Google Research

The CSSLab has received a $20,000 research grant from Google Research for its project “Modeling YouTube Users’ Production & Consumption of News,” an ambitious project to illuminate the supply-demand mechanics of the YouTube news ecosystem. It is part of the CSSLab’s Penn Media Accountability Project (PennMAP), an interdisciplinary, nonpartisan research program dedicated to enhancing media transparency and accountability at the scale of the entire information ecosystem.

Aided by Google Research’s funding, the Lab will enrich the study of the growing YouTube platform by analyzing a corpus of more than 5 million video transcripts and developing state-of-the-art machine learning techniques to quantify the amount and types of news produced and consumed at the video level. This corpus is made up of YouTube API data from every video produced by ~17K YouTube channels, along with the browsing records of over 300,000 YouTube users from a nationally representative US desktop web panel, over the course of six years. Taken together, these data can shed valuable light on the feedback loop between news consumption and production, where increased viewership of a certain type of content drives channels to saturate the news space with similar content. Google Research’s grant will enable the design, construction, and maintenance of the large-scale research infrastructure and databases crucial to this work.

The impact of the Lab’s research extends beyond developing new machine learning techniques and providing a benchmark for content analysis. The CSSLab emphasizes the design, implementation, and promotion oof open science practices, including transparent research protocols, pre-registration and replication, data and code sharing, and updating refindings. In addition to accelerating the rate of knowledge acquisition, the resulting mass collaboration model will help to broaden participation to researchers who would otherwise lack the resources to participate in cutting-edge CSS and user modeling research.

Related: Penn Media Accountability Project (PennMAP)

PennMAP is an interdisciplinary, nonpartisan research project dedicated to enhancing media transparency and accountability at the scale of the entire information ecosystem.

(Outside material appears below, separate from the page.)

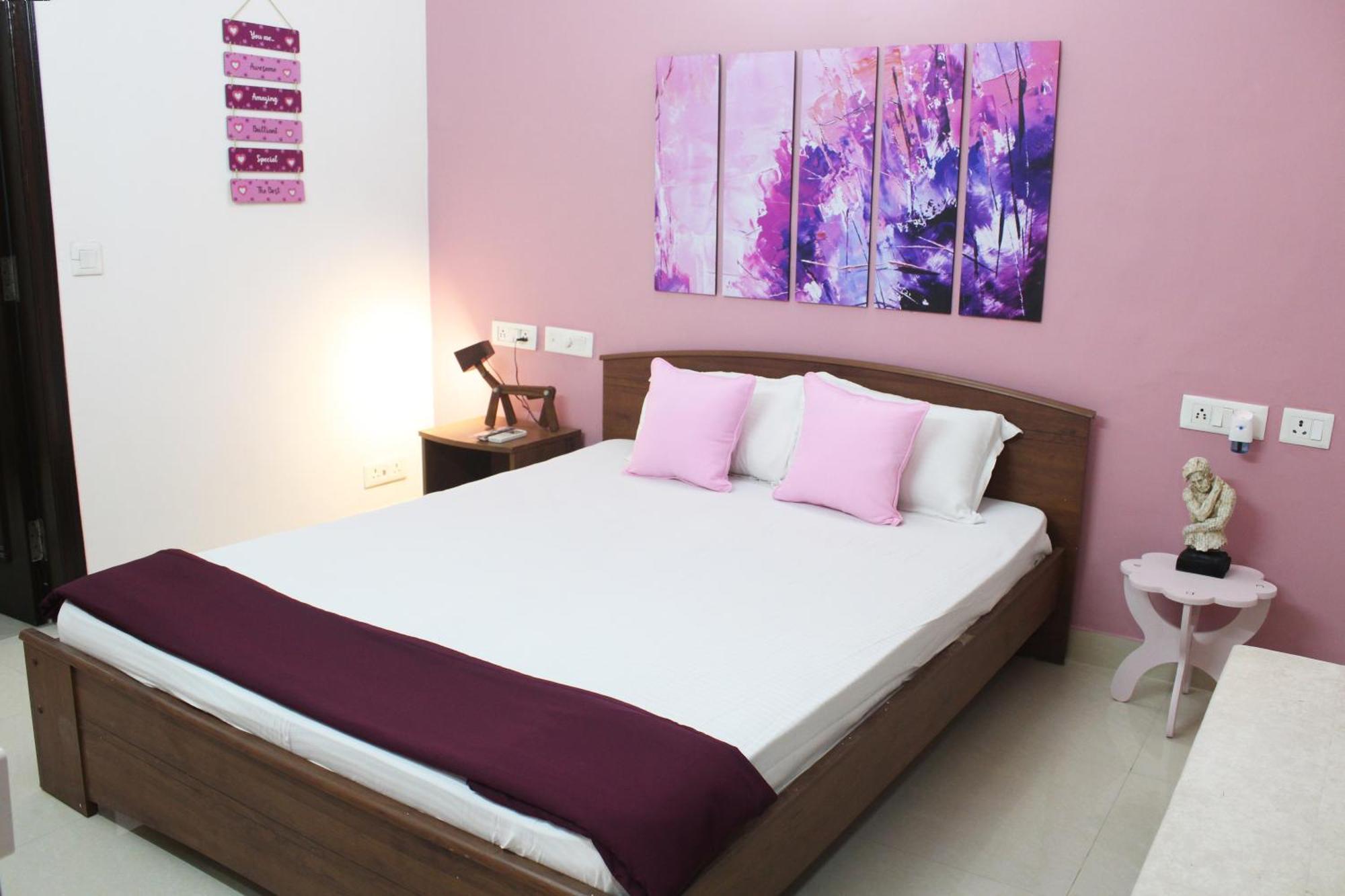Luxurious Modern 2bhk Prime Location Delhi Apartment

Solution-driven interdisciplinary connections

The project was presented at Google’s virtual Workshop on Action, Task and User Journey Modeling, held October 5-6, 2022. As part of the workshop, eligible faculty had the opportunity to submit a proposal to be considered for an unrestricted gift to be used towards related research.

The Workshop on Action, Task and User Journey Modeling was created to bring together key researchers from academia and Google to exchange ideas and forge new collaborations. It virtually convened researchers inside and outside Google from multiple fields, such as Natural Language Processing, Recommendation Systems/User Modeling, and Large-scale Graph Mining, as well as experts in topics such as consumer psychology and behavioral economics. These researchers presented state-of-the-art research relevant to the understanding of the actions, tasks, and journeys that people perform online. It was conceptualized as an opportunity to cross-pollinate ideas, to establish new collaborations, and for external researchers to gain insight into Google’s unique challenges and perspectives on these problems, e.g. applying large foundational models to task modeling or privacy-preserving approaches for understanding user journeys at scale.

About Google Research

Google Research maintains a portfolio of research projects driven by fundamental research, new product innovation, product contribution and infrastructure goals, while providing individuals and teams the freedom to emphasize specific types of work. They strive to create an environment conducive to many different types of research across many different time scales and levels of risk.

In recent years, computing has both expanded as a field and grown in its importance to society. Similarly, the research conducted at Google has broadened dramatically, becoming more important than ever to Google’s mission. As such, their research philosophy has become more expansive and now incorporates a substantial amount of open-ended, long-term research driven more by scientific curiosity than current product needs.

Google Research’s goal is to create a research environment rich in opportunities for product impact, to build a product environment that actively benefits from research, and to provide their staff the freedom to work on important research problems that are not tied to immediate product needs. Some of the most exciting research enables new products, or even new businesses, that we cannot imagine today. Given the diversity of research projects that they pursue, Google Research has found it useful to define four types of work to help crystalize the goals of projects and allow them to measure progress: basic research and fundamental applied research, new product innovation, critical product contributions, and infrastructure.

Today, Google Research actively pursues advancement across 23 core research areas. Google Research teams aspire to make discoveries that impact everyone, and core to their approach is sharing their research and tools to fuel progress in the field. Their researchers publish regularly in academic journals, release projects as open source, and apply research to Google products.